Category Archives: Claudia Cornwall


City of Vancouver Book Award announces shortlist

Independent presses dominate the shortlist for the 2012 City of Vancouver Book Award, which was announced today.

The $2,000 annual prize recognizes “authors of excellence of any genre who contribute to the appreciation and understanding of Vancouver’s history, unique character, or the achievements of its residents.”

The nominees are:

  • V6A: Writing from Vancouver’s Downtown Eastside, John Mikhail Asfour and Elee Kraljii Gardiner, eds. (Arsenal Pulp Press)
  • At the World’s Edge: Curt Lang’s Vancouver, 1937–1998, Claudia Cornwall (Mother Tongue Publishing)
  • Undesirables: White Canada & the Komagata Maru, Ali Kazimi (Douglas & McIntyre)
  • The Better Mother, Jen Sookfong Lee (Random House Canada)
  • YVR, W.H. New (Oolichan Books)

This year’s jury was comprised of former bookseller Jane Bouey, author and educator David Chariandy, and retired Vancouver Sun books editor Rebecca Wigod. The winner will be announced at the Mayor’s Arts Awards gala on Sept. 20.

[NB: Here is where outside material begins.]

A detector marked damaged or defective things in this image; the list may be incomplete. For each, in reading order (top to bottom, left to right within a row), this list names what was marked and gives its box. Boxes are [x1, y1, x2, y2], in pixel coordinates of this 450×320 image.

Curt Lang’s Vancouver: 1937-1998

Will the real Curt Lang please stand up?

Curt was a beatnik poet, painter, photographer, beachcomber, boat builder, fisherman, and software entrepreneur. He was born in Vancouver in 1937 and died there in 1998. He and Freddy Douglas were known as the two hippest guys in Vancouver during the late fifties and sixties. This book is my portrayal of Curt and the wild and crazy scene that swirled around him.  It will be published by Mother Tongue Publishing in the fall of 2011.

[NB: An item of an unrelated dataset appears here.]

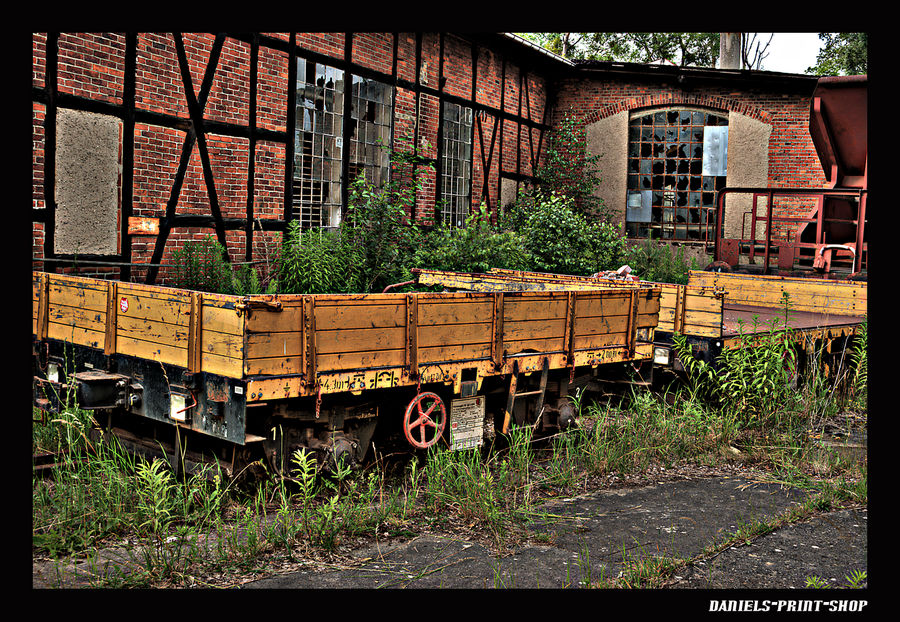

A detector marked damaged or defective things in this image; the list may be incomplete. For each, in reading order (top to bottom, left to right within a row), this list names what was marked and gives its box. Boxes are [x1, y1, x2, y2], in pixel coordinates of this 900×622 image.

broken window [292, 58, 394, 229]
broken window [442, 102, 474, 229]
broken window [624, 108, 732, 240]
rusty red wheel [406, 392, 448, 450]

I remember  hiking in a forest with Gordon and my two children.  He was telling them a story about a Druid wizard called Clang. “Clang” was part of Curt’s email address and the wizard bore some resemblance to Curt. We were climbing higher and higher between the Douglas Firs. A mist hung between the trees. I think the story revolved around a major construction project that the wizard was mounting. There were obstacles, delays, frustration. And then I remember that Gordon was overcome by sadness. He couldn’t continue. “It’s too close to the bone,” he said.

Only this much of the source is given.